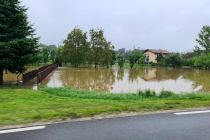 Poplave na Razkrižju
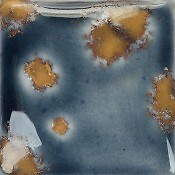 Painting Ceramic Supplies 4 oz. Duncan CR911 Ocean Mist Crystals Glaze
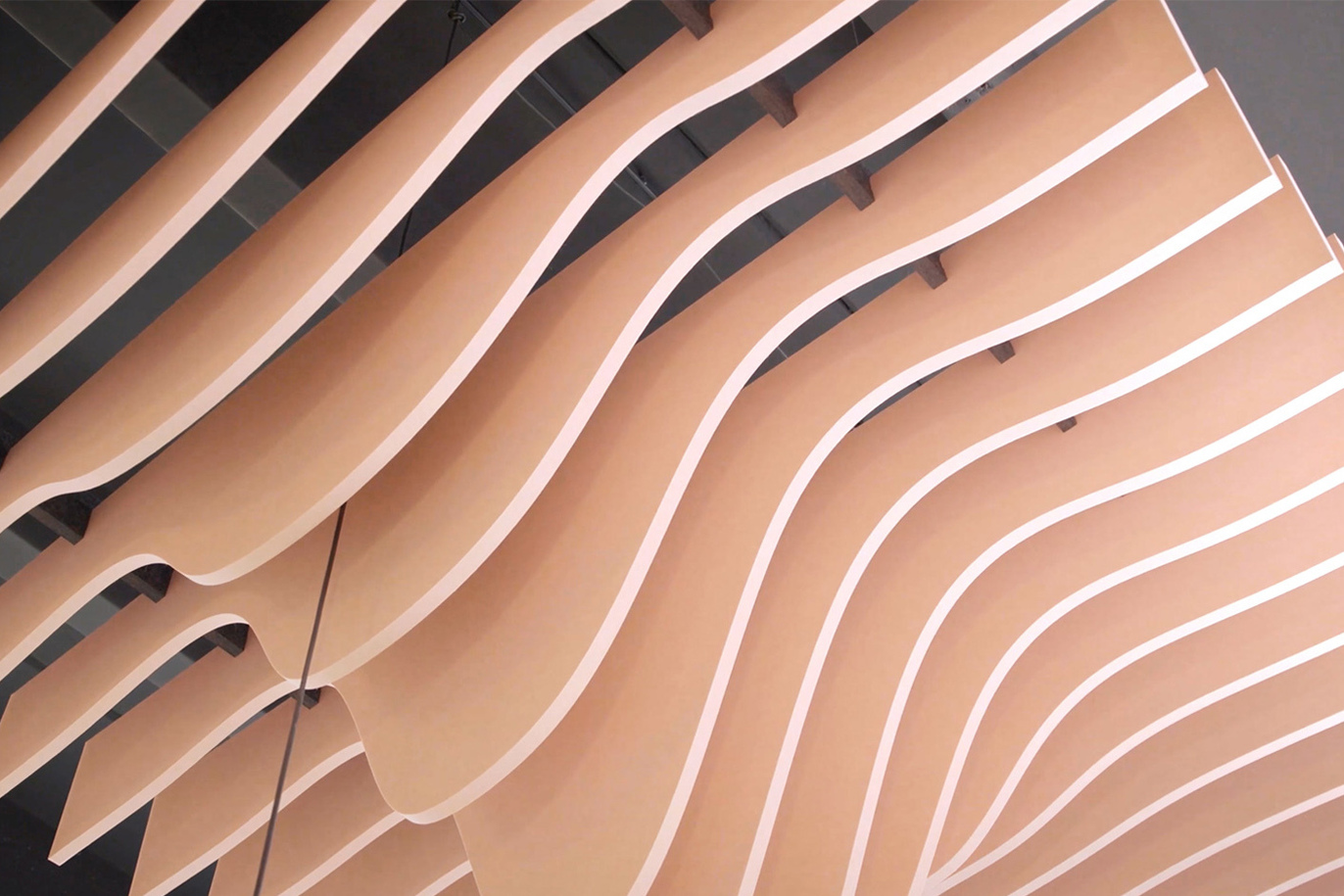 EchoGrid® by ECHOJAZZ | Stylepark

▬▬▬▬▬▬

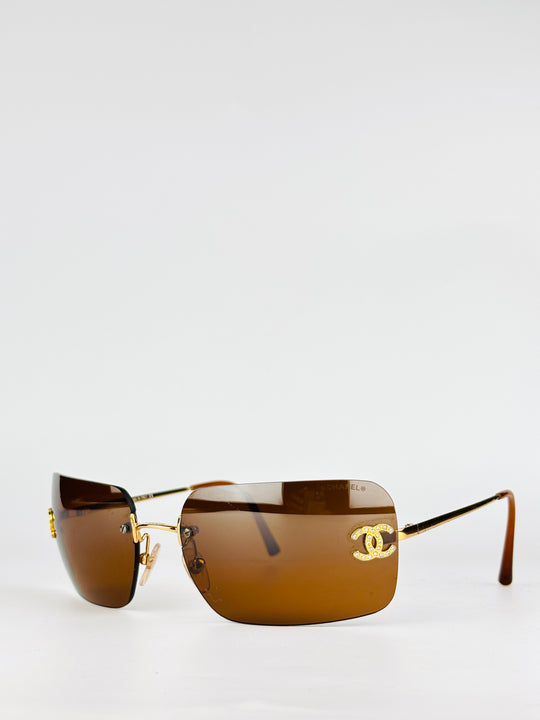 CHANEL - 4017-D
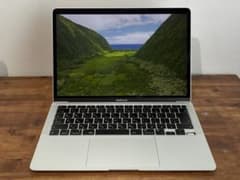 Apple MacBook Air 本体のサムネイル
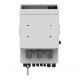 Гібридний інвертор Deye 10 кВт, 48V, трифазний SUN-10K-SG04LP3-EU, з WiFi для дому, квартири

▬▬▬▬▬▬

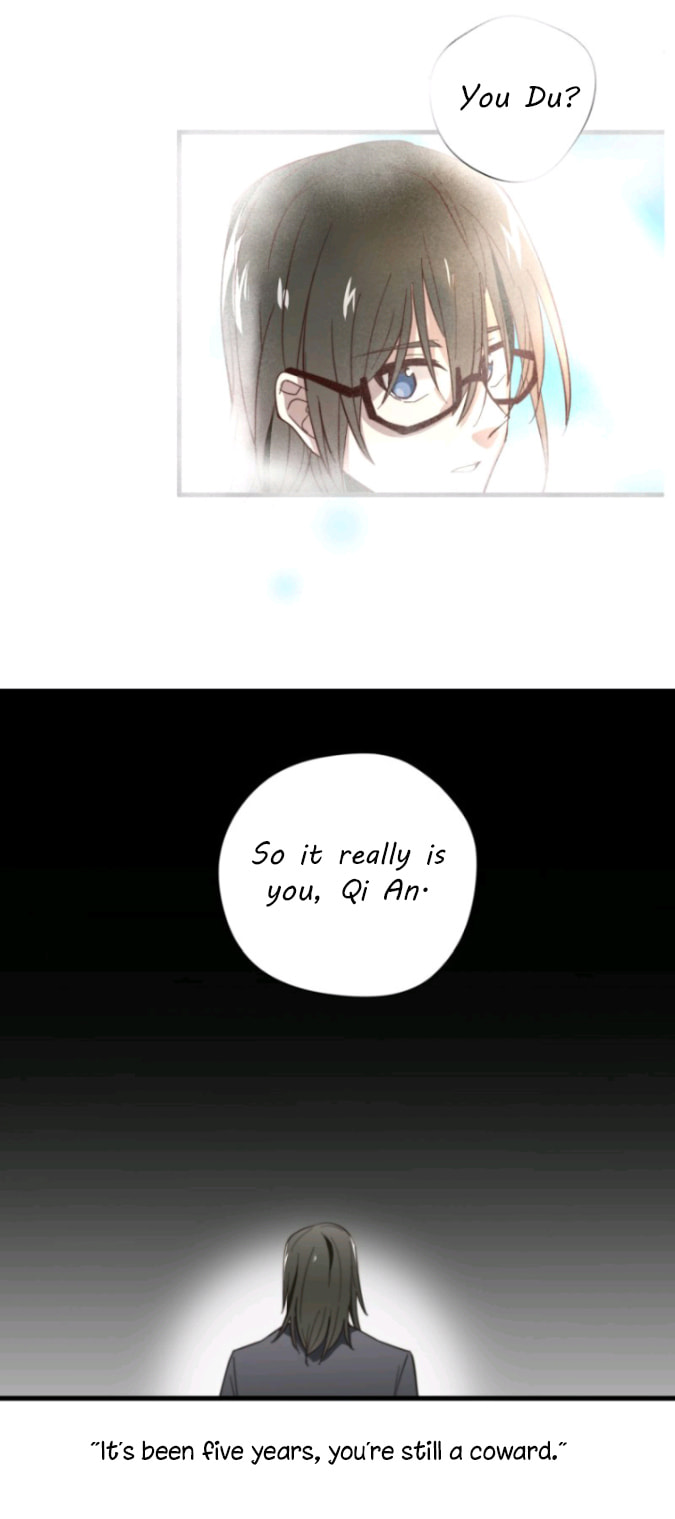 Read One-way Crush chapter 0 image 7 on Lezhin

▬▬▬▬▬▬

For this exercise, set down the lines in the entries above from the one with "CHANEL - 4017-D" through the one with "Гібридний інвертор Deye" exactly as written, without any pictures.

[WRITTEN ANSWER]:
 CHANEL - 4017-D
 Apple MacBook Air 本体のサムネイル
 Гібридний інвертор Deye 10 кВт, 48V, трифазний SUN-10K-SG04LP3-EU, з WiFi для дому, квартири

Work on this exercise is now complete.